PROBLEM REQUIREMENTS. Although the material holds pictures, none belong in the copy; transcribe exactly, and only, the lines from the one with "this 250×188 image." through the end.

====

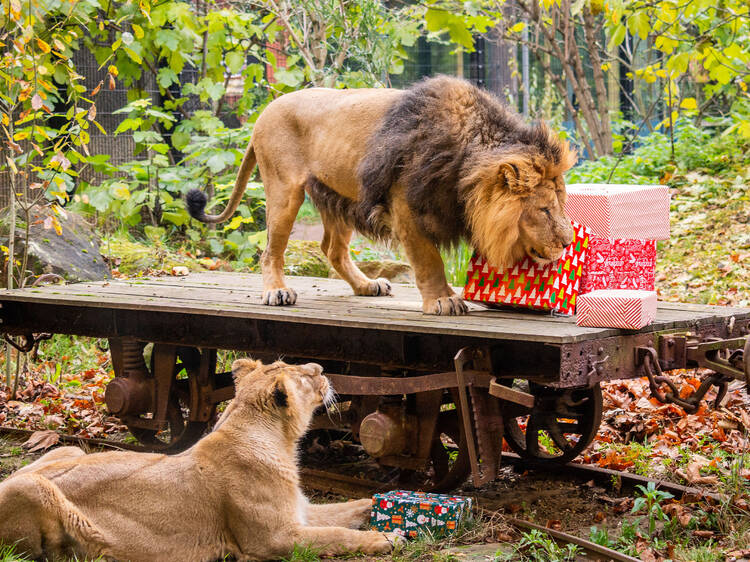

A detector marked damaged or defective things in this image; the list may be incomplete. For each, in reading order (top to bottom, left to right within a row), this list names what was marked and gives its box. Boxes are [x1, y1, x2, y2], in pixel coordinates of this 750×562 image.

rusty metal wheel [400, 406, 470, 490]
rusty metal wheel [506, 380, 604, 464]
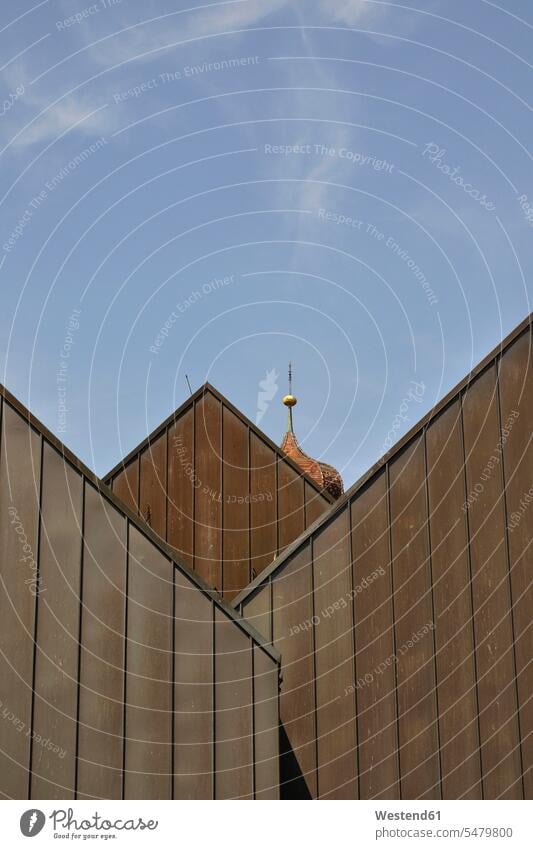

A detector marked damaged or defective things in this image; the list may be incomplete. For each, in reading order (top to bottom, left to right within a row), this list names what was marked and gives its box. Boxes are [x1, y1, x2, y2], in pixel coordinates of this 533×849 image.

rusty metal facade [0, 388, 280, 800]
rusty metal facade [104, 382, 332, 596]
rusty metal facade [236, 318, 532, 800]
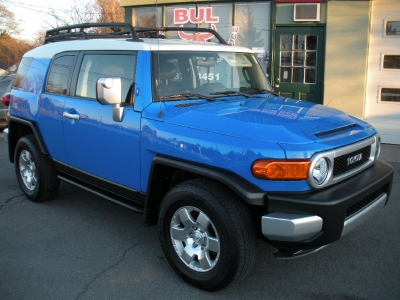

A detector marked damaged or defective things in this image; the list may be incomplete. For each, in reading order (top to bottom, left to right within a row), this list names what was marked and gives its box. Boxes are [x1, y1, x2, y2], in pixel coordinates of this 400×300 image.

pavement crack [76, 238, 157, 298]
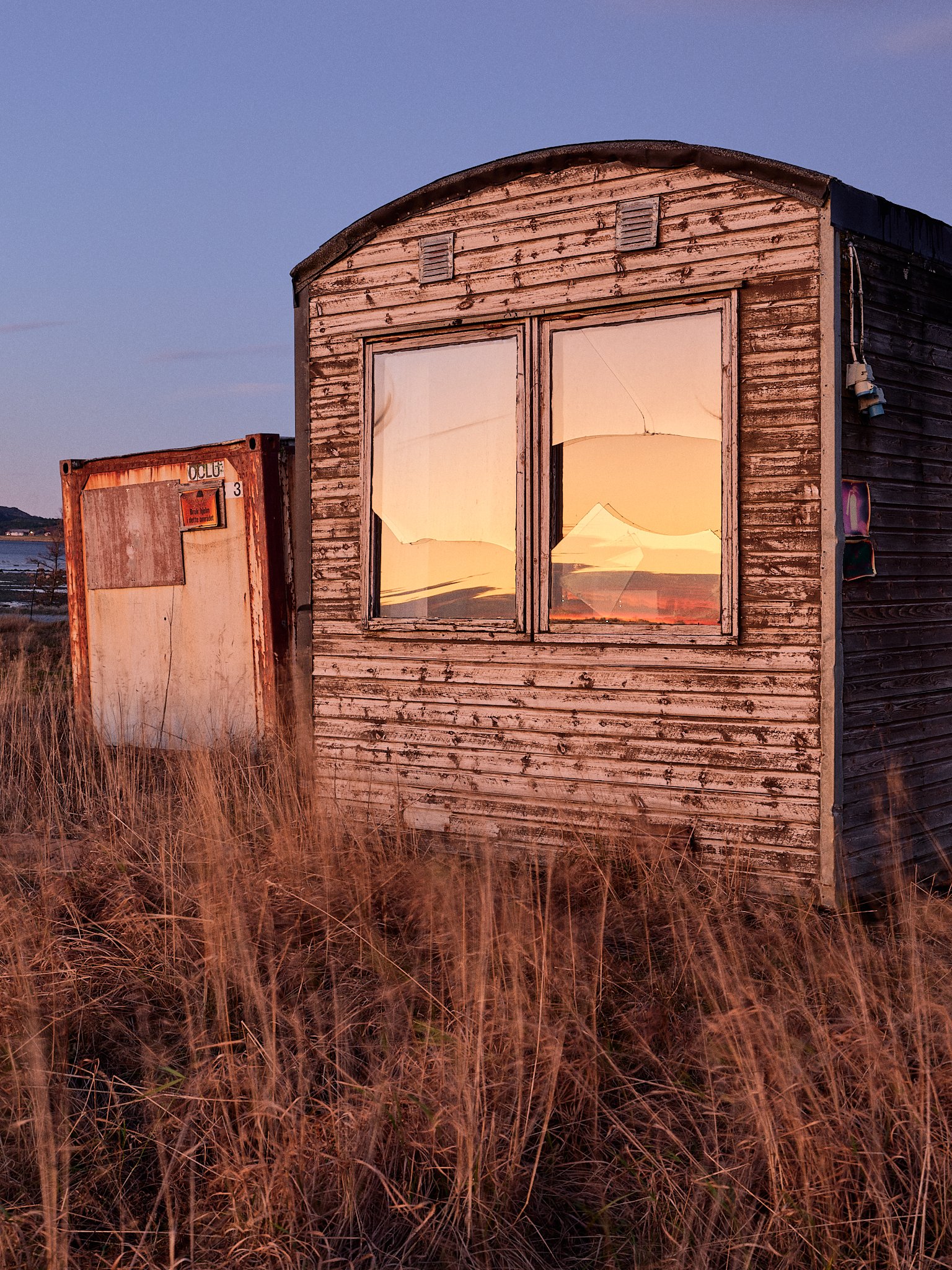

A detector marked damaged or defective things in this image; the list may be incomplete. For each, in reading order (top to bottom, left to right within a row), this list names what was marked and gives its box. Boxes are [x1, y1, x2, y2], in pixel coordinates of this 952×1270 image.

rusty shipping container [63, 434, 294, 742]
rusty shipping container [290, 141, 952, 904]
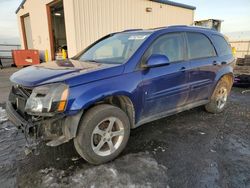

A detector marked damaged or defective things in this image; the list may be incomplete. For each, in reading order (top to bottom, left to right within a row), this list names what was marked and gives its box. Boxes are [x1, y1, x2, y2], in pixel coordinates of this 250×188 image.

crumpled hood [10, 59, 123, 87]
damaged front end [6, 83, 82, 154]
front bumper damage [6, 101, 82, 154]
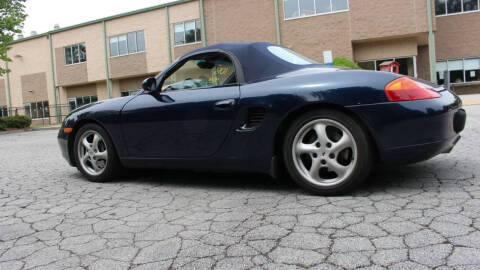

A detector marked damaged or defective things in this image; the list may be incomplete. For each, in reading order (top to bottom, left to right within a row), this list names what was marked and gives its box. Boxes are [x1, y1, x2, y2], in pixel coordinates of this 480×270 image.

cracked asphalt pavement [0, 106, 480, 268]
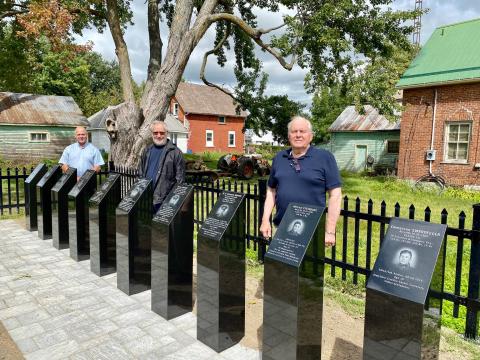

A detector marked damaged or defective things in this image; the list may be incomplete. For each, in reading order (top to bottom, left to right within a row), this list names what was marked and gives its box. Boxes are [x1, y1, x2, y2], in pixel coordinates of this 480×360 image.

rusty metal roof shed [0, 92, 88, 126]
rusty metal roof shed [328, 105, 400, 132]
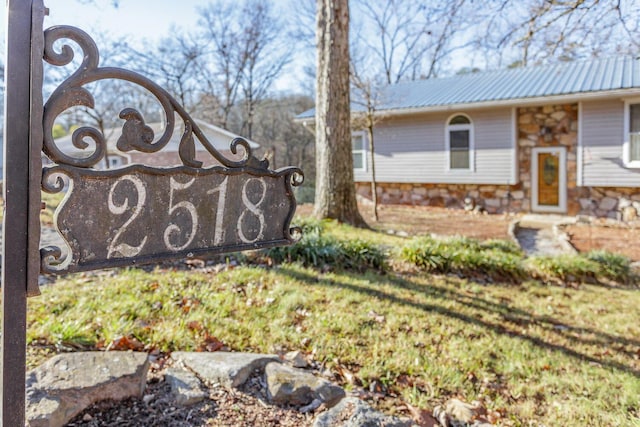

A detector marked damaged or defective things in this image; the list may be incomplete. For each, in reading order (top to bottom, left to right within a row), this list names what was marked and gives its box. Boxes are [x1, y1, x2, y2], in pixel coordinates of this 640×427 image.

rusted sign bracket [1, 2, 302, 424]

====

RESULT.
A detector marked damaged or defective things in this image; the list may be incomplete. For each, in reading order (top to bottom, left to right within a row), this list names what was marked and gives its box. Boxes are [x1, y1, x2, y2], in pixel coordinates of this 250×188 image.

crumpled hood [10, 59, 123, 87]
damaged front end [6, 83, 82, 154]
front bumper damage [6, 101, 82, 154]

A detector marked damaged or defective things in this image; the list may be incomplete. For each, in reading order (top to bottom, left to right within a row), this list names what was marked and gives its box. Boxes are [x1, y1, x2, y2], in pixel coordinates of this 480×270 image.

cracked asphalt pavement [0, 106, 480, 268]

A detector marked damaged or defective things in this image; the list may be incomplete. For each, in reading order (top to bottom, left to right within a row), this list names what was marked and gives its box. Boxes are [x1, y1, x2, y2], in pixel coordinates of this 480×360 image.

rusty metal roof shed [0, 92, 88, 126]
rusty metal roof shed [328, 105, 400, 132]

A detector marked damaged or defective things in this image; the list may be incomplete. For each, in reading order (top to bottom, left to right within a row), this list names what was marked and gives its box. Boxes are [x1, y1, x2, y2], in pixel coordinates of this 640×427 image.

rusted sign bracket [1, 2, 302, 424]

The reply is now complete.